Deep Learning for Virtual Patient-Specific Skull Modelling and Reconstruction
Skull segmentation from 3D patient data and virtual reconstruction of the defective skull shape are the most challenging steps required for creation of patient-specific models of skull.These models are used in cranioplasty practice for surgery planning, patient education and patient-specific implant design, but their utility is currently limited by the amount of manual processing time required to reach sufficient virtual model quality.This thesis aims to streamline this virtual workflow by utilizing deep learning methods.
The thesis proposes a novel solution that consists of an automatic skull segmentation method based on a combination of convolutional neural networks and graph cut algorithm and an automatic virtual skull reconstruction method based on convolutional network cascade.Both of these components are demonstrated to achieve state-of-the-art accuracy. This work also aims to improve reproducibility of the skull reconstruction research by providing a structured synthetic dataset for development and benchmarking of automatic methods.
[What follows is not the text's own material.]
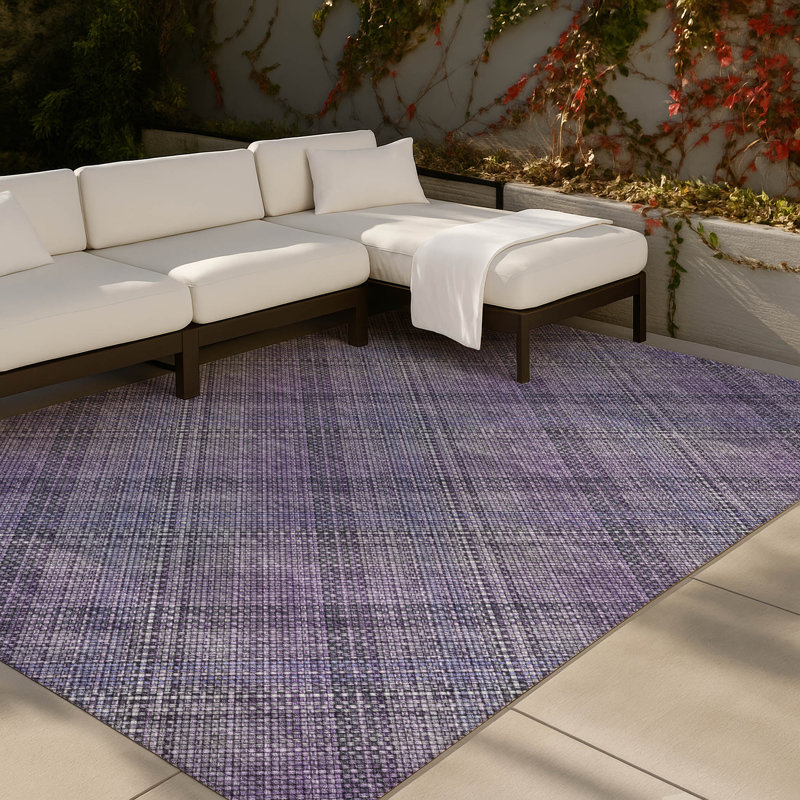 Machine Washable Indoor/Outdoor Chantille ACN2880 Plaid Rug, Plum, 9' x 12'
The main focus of this work is on applicability in clinical practice.While the proposed skull segmentation method is already successfully deployed to clinical workflow, the integration of automatic virtual skull reconstruction presents some additional challenges, such as low tolerance towards shape imperfections around the defect border.This work therefore also proposes an extension of the skull reconstruction method that allows its adaptation to target population and the desired type of cranial implant shape, which can vary between different clinical sites.The results of expert's evaluation show that the shape outputs of this method reach enough quality to be deployed into clinical practice along with the segmentation method.
Deep learning; Medical imaging; Cranioplasty; Surgery planning; Skull segmentation, Virtual skull reconstruction.